Juan Antonio Valencia

Personal information
- Full name: Juan Antonio Valencia
- Born: 11 August 1929 San Salvador, El Salvador
- Died: 7 July 2005 (aged 75) San Salvador, El Salvador

Sport
- Sport: Sports shooting

= Juan Antonio Valencia =

Salvadoran sports shooter (1929–2005)

Juan Antonio Valencia (11 August 1929 – 7 July 2005) was a Salvadoran former sports shooter. During his career, he competed at the 1968 Summer Olympics and the 1972 Summer Olympics for El Salvador, though did not medal in any of the events he entered.

==Biography==
Juan Antonio Valencia was born on 11 August 1929 in San Salvador, El Salvador. As a sports shooter, he represented El Salvador in international competition.

Valencia was selected to compete for El Salvador at the 1968 Summer Olympics in Mexico City, Mexico, for the nation's first appearance at an Olympic Games at a sporting capacity. At the 1968 Summer Games, he was entered to compete in one event, the mixed 50 metre rifle three positions event. He competed in the event on 21 October 1968 against 61 other competitors. There, he garnered a total amount of 1,013 points out of a possible 1,200 and placed last.

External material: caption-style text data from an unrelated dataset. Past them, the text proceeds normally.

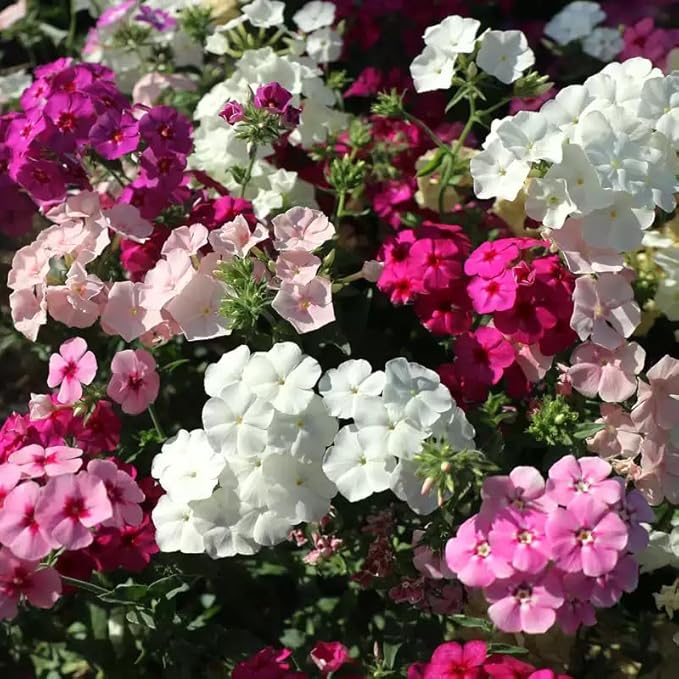 1000+ Phlox Seeds for Planting - Perennial Creeping Ground Cover Plants - Ornamental Flower Seeds for Home & Garden, Potted Planting, Easy to Grow with Long Blooming Period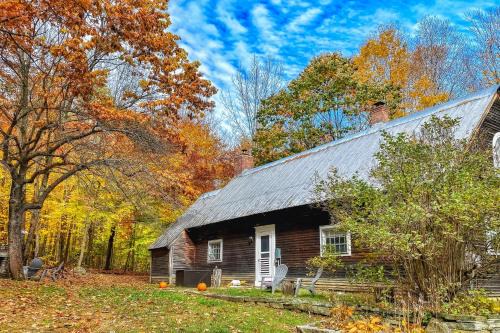 The Brown House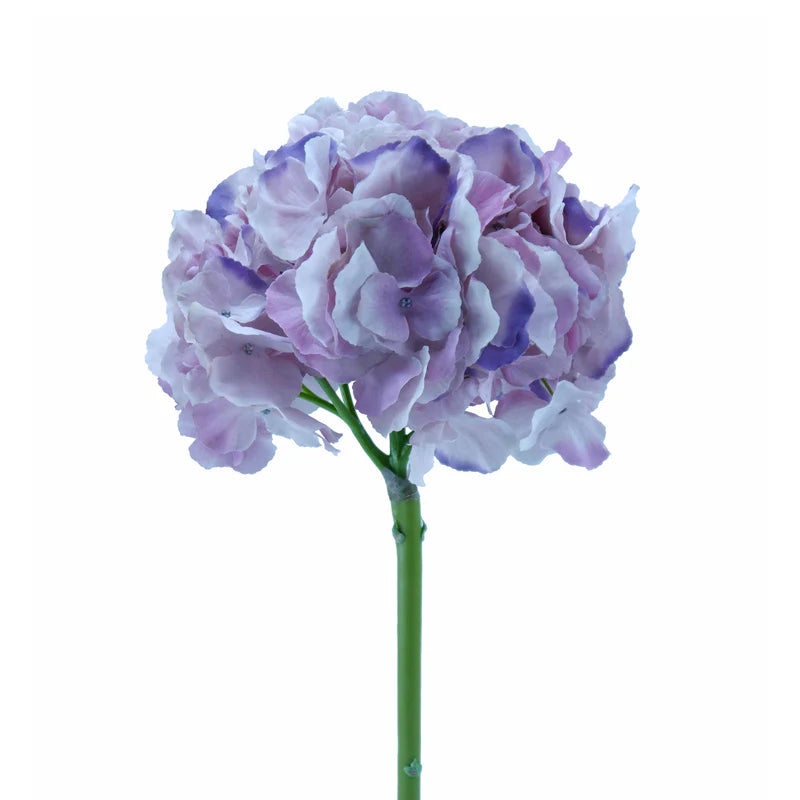 Hortensie, 54 cm - creme/rosa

He was also selected to compete for El Salvador at the 1972 Summer Olympics in Munich, Germany. At the 1972 Summer Games, he was entered to compete in two events, the mixed 50 metre rifle prone and mixed 50 metre rifle three positions events. He first competed in the mixed 50 metre rifle prone on 28 August 1972 against 100 other competitors. There, he garnered a total amount of 576 points out of a possible 600 and placed 91st. He then competed in the mixed 50 metre rifle three positions two days later against 68 other competitors. There, he garnered a total amount of 1,053 points out of a possible 1,200 and placed 62nd.

Valencia later died on 7 July 2005 in San Salvador at the age of 75.